** Opening Dataset records block **

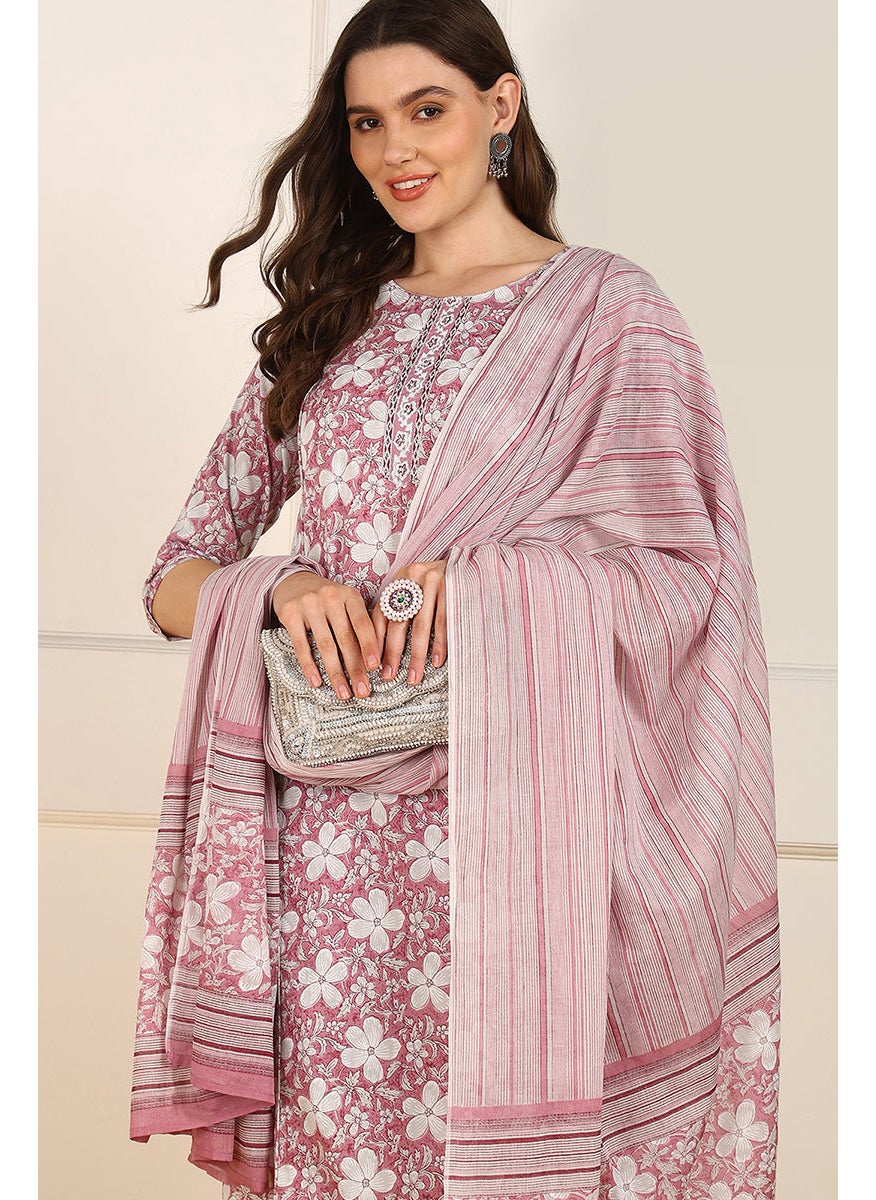 Pink Cotton Floral Printed Straight Kurta Set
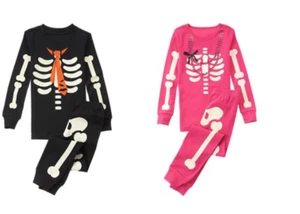 NWT Gymboree Halloween SKELETON Pajama Gymmies Costume Glow In The Dark  - Picture 1 of 2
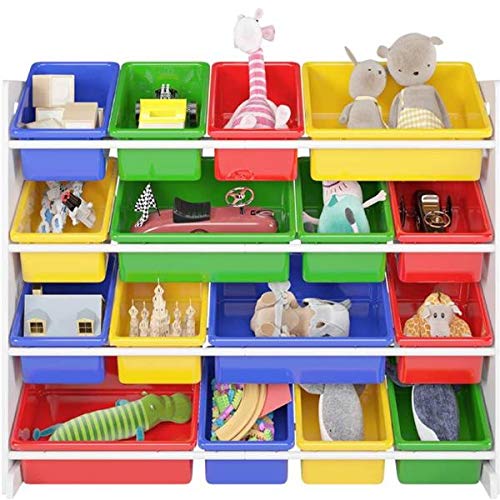 Aveland Large Wooden Kids Toy Storage Organizer with 16 Plastic Bins - Multicolor (Green, Blue, Red, Yellow) for Home, Playroom & Nursery Organization | Perfect for Storing Toys, Books & Crafts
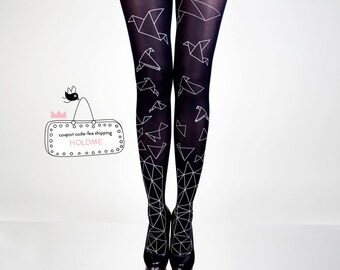 Origami Birds - black hand printed tights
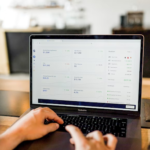 Person working on a laptop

** Closing Dataset records block **

Task details => The lines to copy run from the line containing "Origami Birds - black hand printed tights" through the end of the data above; copy exactly those, minus the pictures.

Output =>
 Origami Birds - black hand printed tights
 Person working on a laptop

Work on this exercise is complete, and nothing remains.